I was asked this question during an interview for a Junior Oracle Developer position, the interviewer admitted it was a tough one:
Write a query/queries to check if the table 'employees_hist' is an exact copy of the table 'employees'. Any ideas how to go about this?
EDIT: Consider that tables can have duplicate records so a simple MINUS will not work in this case.
EXAMPLE
EMPLOYEES
NAME
--------
Jack Crack
Jack Crack
Jill Hill
These two would not be identical.
EMPLOYEES_HIST
NAME
--------
Jack Crack
Jill Hill
Jill Hill
If the tables have the same columns, you can use this; this will return no rows if the rows in both tables are identical:
(
select * from test_data_01
minus
select * from test_data_02
)
union
(
select * from test_data_02
minus
select * from test_data_01
);
Identical regarding what?
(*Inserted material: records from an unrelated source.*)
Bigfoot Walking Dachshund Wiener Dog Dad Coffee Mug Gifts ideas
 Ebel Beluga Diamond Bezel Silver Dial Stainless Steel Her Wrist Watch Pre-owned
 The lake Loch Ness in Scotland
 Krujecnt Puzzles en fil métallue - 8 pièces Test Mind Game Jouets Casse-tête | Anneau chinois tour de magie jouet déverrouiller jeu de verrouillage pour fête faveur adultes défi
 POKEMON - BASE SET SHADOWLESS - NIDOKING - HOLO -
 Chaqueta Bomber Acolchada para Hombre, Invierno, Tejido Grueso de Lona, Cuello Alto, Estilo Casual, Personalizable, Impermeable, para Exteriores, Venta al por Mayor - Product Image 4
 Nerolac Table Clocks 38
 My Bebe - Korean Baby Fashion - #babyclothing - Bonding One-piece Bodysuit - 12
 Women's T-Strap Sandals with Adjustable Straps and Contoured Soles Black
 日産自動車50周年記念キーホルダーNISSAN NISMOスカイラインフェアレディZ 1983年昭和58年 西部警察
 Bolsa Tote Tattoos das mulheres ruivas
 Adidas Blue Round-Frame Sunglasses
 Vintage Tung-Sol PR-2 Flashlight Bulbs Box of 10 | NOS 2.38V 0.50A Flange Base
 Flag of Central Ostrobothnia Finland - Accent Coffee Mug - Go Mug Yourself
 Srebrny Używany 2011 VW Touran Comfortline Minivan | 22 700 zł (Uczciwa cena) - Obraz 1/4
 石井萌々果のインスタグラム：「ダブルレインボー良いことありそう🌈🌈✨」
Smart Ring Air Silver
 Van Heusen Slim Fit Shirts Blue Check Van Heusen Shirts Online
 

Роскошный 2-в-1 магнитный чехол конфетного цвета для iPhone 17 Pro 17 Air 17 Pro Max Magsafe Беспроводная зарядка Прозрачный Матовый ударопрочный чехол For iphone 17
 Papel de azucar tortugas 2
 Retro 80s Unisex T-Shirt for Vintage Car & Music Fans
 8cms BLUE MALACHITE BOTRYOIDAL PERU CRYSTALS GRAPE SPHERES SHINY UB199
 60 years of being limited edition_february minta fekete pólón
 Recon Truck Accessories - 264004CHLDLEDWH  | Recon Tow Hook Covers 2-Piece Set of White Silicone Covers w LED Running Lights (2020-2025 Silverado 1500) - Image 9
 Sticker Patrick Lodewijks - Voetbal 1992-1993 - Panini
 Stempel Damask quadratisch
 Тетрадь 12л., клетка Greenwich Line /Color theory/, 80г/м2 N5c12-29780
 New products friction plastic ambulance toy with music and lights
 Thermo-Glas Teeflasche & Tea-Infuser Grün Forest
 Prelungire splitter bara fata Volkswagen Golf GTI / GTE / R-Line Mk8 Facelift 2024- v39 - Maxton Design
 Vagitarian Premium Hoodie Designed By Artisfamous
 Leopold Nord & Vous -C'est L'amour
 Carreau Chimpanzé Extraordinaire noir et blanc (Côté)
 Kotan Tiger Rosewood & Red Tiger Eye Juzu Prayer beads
Metadata or the actual table data too?
Anyway, use MINUS.
select * from table_1
MINUS
select * from table_2
So, if the two tables are really identical, i.e. the metadata and the actual data, it would return no rows. Else, it would prove that the data is different.
If, you receive an error, it would mean the metadata itself is different.
Update If the data is not same, and that one of the table has duplicates.
Just select the unique records from one of the table, and simply apply MINUS against the other table.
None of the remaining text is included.